The findings included:

During the tour of the facility on February 5, 2013, at 10:00 a.m., on the medical -surgical unit revealed the patient nourishment refrigerator in the medication storage room contained one opened undated and unlabeled ? pint carton of whole milk and seven 8 ounce containers of Jell-O, with expiration dates of January 25, 2013.

Interview with the Assistant Director of Nursing, on February 5, 2013, at 10:04a.m., in the medical-surgical storage room, confirmed the opened container of milk was opened and the seven containers of Jell-O were expired. Further interview revealed opened containers of food and expired nourishment supplies are not to be stored in the resident nourishment refrigerator.

No Description Available

Tag No.: C0301

Based on medical record review and interview, the facility failed to update an admission history and physical for one (#30) of five patients reviewed on the medical surgical unit.

The findings included:

Medical record review revealed patient #30 was admitted to the facility on January 31, 2013, with a diagnosis of Chronic Obstructive Pulmonary Disease (COPD).
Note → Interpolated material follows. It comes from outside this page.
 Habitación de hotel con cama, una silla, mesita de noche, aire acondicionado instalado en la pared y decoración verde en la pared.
Medical record review revealed the patient was admitted from the Emergency Department (ED) and a History and Physical (H&P) was performed and documented by the Emergency Department physician on January 31, 2013, at 7:56 p.m. Further review revealed the admitting physician had not updated or performed an admission H&P on the patient since the patient was admitted to the facility.

Medical record review of the Physician's Progress Note, dated February 3, 2013, with no time, revealed "...patient states some better...still weak less nausea...scattered wheezes...a/d (admitting diagnoses) COPD exac (exacerbation), pneumonia, low albumin..."
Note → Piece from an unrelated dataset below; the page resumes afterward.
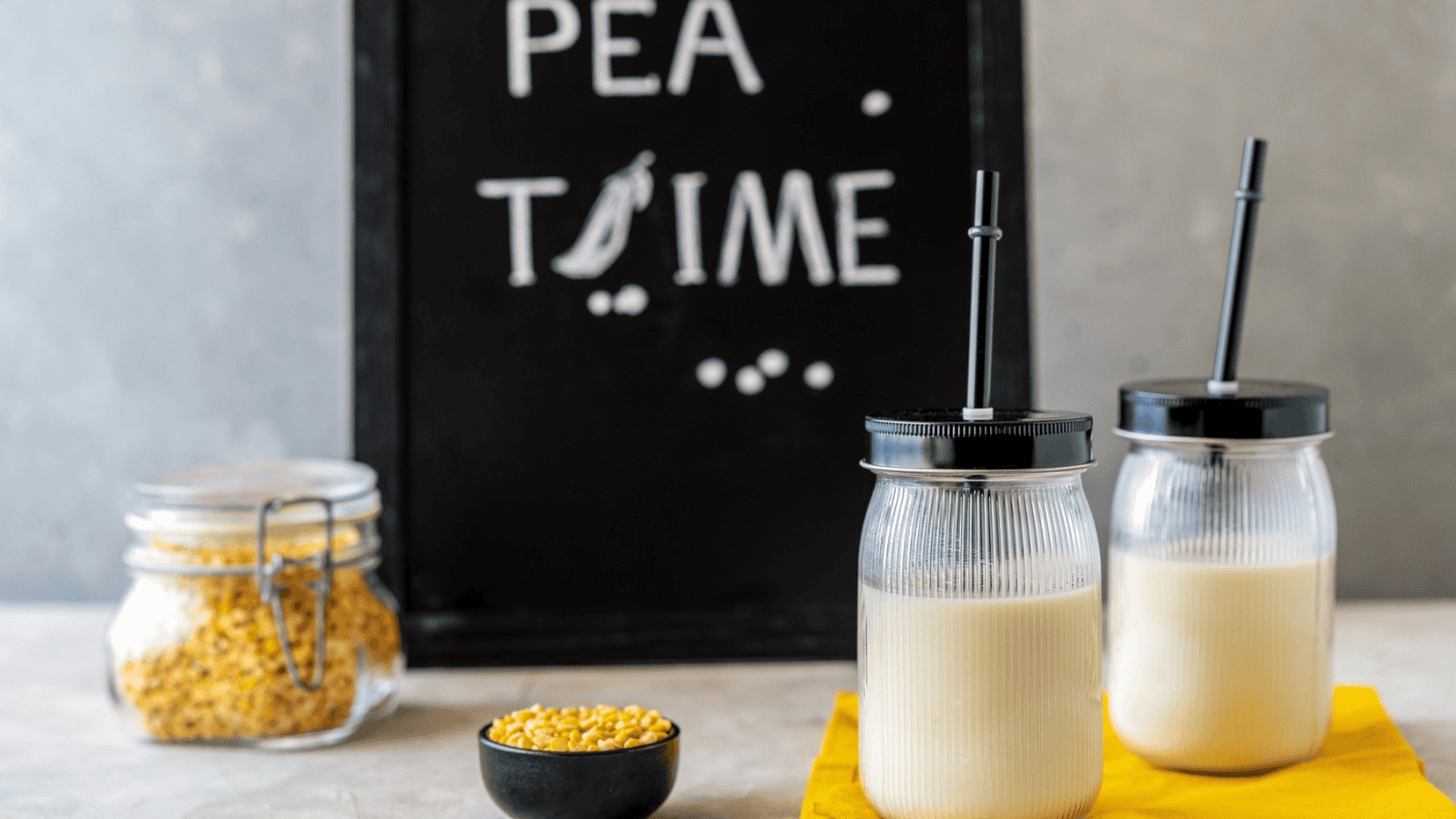 Two glass jars of plant-based dairy milk substitutes, each with a black straw, sit on a yellow cloth. Nearby, a small black bowl of split peas and a glass jar filled with more peas accompany the scene. In the background, a blackboard cheerfully declares "PEA TIME" alongside a pea graphic.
Review of the facility policy History and Physical Examinations, dated March, 2012, revealed "...an updated examination of the patient, including any changes in the patient's condition, must be completed and documented within 24 hours of admission or registration...the updated examination of the patient, including any changes in the patient's condition, must be completed and documented by a physician..."

Interview on February 5, 2013, at 10:15 a.m., with the Nurse Manager (NM) of the Medical Surgical Unit, in the NM office, confirmed an updated H&P was not done within 24 hours of admission by the physician.